**TASK TO CARRY OUT**
Report back every line of the entries that contains "Pack", exactly as written.

#####

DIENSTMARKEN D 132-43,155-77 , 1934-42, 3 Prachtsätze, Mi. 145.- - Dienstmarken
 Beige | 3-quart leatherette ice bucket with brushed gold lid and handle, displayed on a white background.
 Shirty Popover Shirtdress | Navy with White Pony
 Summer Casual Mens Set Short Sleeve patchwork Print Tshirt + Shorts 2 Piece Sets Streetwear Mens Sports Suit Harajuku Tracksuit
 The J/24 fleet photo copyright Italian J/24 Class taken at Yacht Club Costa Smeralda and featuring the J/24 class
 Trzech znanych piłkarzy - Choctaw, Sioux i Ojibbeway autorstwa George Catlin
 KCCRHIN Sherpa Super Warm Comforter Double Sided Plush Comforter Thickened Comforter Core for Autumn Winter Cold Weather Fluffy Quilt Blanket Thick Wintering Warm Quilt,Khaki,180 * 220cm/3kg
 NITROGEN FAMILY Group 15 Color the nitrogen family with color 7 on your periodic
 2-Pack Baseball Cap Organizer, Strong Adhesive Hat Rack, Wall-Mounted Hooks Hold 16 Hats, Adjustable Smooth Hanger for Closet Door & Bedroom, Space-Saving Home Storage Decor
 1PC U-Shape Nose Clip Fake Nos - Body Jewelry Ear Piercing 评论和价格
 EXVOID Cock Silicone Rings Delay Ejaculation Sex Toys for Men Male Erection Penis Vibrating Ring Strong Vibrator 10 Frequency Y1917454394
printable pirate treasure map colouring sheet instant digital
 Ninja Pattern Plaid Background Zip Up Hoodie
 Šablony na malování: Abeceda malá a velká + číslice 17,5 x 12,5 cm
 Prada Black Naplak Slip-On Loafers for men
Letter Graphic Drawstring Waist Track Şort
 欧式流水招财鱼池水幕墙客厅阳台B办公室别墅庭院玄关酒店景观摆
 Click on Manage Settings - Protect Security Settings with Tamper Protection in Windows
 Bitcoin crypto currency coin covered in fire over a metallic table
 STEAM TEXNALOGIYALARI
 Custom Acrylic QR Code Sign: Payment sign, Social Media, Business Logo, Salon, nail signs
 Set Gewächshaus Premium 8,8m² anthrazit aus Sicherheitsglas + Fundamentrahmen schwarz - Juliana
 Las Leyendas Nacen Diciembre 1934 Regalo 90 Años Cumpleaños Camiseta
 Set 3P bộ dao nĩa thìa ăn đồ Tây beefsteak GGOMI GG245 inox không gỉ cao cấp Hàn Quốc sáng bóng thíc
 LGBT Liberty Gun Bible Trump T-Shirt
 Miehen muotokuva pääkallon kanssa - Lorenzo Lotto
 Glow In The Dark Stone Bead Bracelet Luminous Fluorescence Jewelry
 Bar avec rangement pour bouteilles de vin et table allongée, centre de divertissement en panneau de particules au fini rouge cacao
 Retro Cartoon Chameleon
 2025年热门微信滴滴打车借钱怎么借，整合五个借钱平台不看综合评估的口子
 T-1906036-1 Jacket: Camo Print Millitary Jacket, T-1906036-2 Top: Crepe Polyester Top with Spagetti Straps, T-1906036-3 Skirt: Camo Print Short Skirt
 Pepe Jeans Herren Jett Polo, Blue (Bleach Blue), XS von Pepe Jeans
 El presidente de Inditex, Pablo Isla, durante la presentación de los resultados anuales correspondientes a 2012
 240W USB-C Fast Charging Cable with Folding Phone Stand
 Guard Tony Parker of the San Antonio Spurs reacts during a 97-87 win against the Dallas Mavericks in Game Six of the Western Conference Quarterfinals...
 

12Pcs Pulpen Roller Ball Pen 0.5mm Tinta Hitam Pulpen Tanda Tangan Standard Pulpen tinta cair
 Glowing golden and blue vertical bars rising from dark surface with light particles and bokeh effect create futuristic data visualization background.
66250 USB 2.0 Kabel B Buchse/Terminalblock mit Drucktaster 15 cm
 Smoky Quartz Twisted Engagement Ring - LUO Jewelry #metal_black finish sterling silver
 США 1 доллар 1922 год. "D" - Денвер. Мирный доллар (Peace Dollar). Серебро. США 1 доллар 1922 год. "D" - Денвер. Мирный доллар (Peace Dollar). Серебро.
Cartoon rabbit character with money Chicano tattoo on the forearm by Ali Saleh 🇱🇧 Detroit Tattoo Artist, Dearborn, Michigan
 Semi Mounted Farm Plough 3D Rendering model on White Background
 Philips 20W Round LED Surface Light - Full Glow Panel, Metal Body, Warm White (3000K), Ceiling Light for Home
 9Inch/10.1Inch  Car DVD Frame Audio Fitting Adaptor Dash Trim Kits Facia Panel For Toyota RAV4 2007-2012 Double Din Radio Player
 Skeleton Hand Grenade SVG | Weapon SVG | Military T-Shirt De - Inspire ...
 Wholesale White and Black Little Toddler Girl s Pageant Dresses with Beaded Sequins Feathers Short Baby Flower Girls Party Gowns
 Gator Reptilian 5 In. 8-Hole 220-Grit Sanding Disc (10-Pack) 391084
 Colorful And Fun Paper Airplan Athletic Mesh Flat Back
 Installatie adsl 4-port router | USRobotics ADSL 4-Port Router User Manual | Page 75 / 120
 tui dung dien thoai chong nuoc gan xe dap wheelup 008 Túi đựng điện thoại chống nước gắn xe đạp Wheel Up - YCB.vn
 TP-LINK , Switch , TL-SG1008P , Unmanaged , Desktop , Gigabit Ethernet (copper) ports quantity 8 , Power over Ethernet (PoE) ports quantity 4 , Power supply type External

#####

**SOLUTION TO THIS EXERCISE**
 2-Pack Baseball Cap Organizer, Strong Adhesive Hat Rack, Wall-Mounted Hooks Hold 16 Hats, Adjustable Smooth Hanger for Closet Door & Bedroom, Space-Saving Home Storage Decor
 Gator Reptilian 5 In. 8-Hole 220-Grit Sanding Disc (10-Pack) 391084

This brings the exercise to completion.